Using “Thin Templates” to Reduce Application Size

Using “Thin Templates” to Reduce Application Size

A template itself is a very useful C++ concept that allows you to use a single declaration for a number of classes or functions with the same logic but with different types used. The primary usages of templates are type-neutral containers such as “list,” “map,” “queue,” and so on. Once coded, their logic can be applied to any object beginning from simple a “int” to the complex classes. However, templates have one big drawback: They produce large-size executables. Because each declaration of a template will produce a brand-new class or function, the original template code is multiplied numerous times across the application, producing a size boost. Of course, a simple 100-lines-size “list” container used for “int” and “char *” will increase the application size a mere 100-200 bytes, but a complex container used across an application for dozens of different objects can increase an application’s size by many kilobytes.

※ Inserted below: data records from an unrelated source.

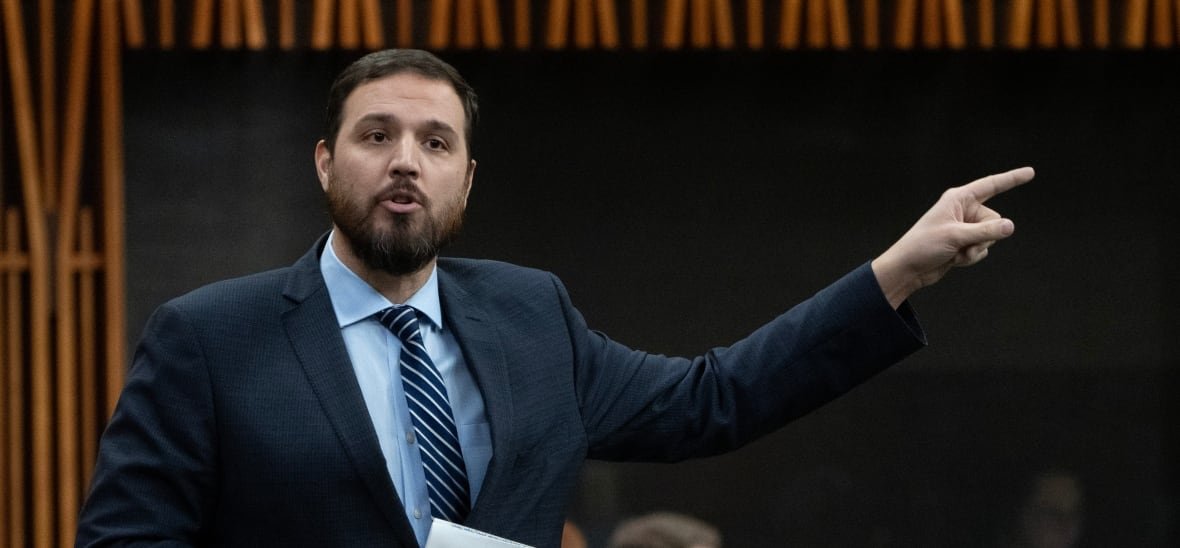 A man in a suit raises his arm while speaking.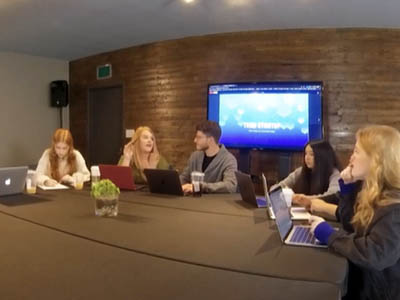 Five people sitting around a conference room table with laptops.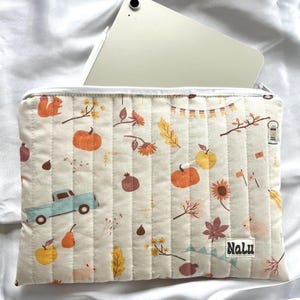 Può includere: Custodia per tablet trapuntata color crema con un motivo a tema autunnale. Il motivo include zucche, foglie, un camion blu e il marchio "Nalu". Un tablet argentato è parzialmente visibile all'interno.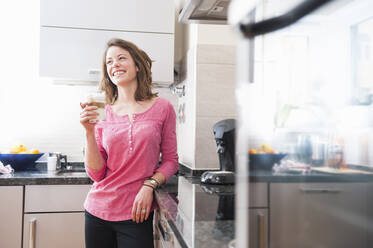 Glückliche Frau hält ein Glas Dalgona-Kaffee in der Hand, während sie zu Hause in der Küche steht - DIGF12156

If it’s preferable to keep application size small, a handy technique called “Thin Templates” can be used to nearly eliminate the templates’ size-boost effect. This technique is based on the fact that most optimized compilers will generate different code only for template functions that actually use different types. For example, if the following template class is defined:


template <class T> class CTest
{
int Test1(void)
{
return 1;
}

T Test2(void)
{
return 1;
}
}

And then used two times with different types:


CTest<char> oClass1;
CTest<int> oClass2;

Only one code will be generated for function Test1(), because this function doesn’t use template argument T and contains the same code in both versions. The compiler’s ability to generate one code for the template with different types is the first and only requirement for successful use of “thin templates.” Today’s C++ compilers, such as “Microsoft C++ compiler” or “GCC,” have such ability.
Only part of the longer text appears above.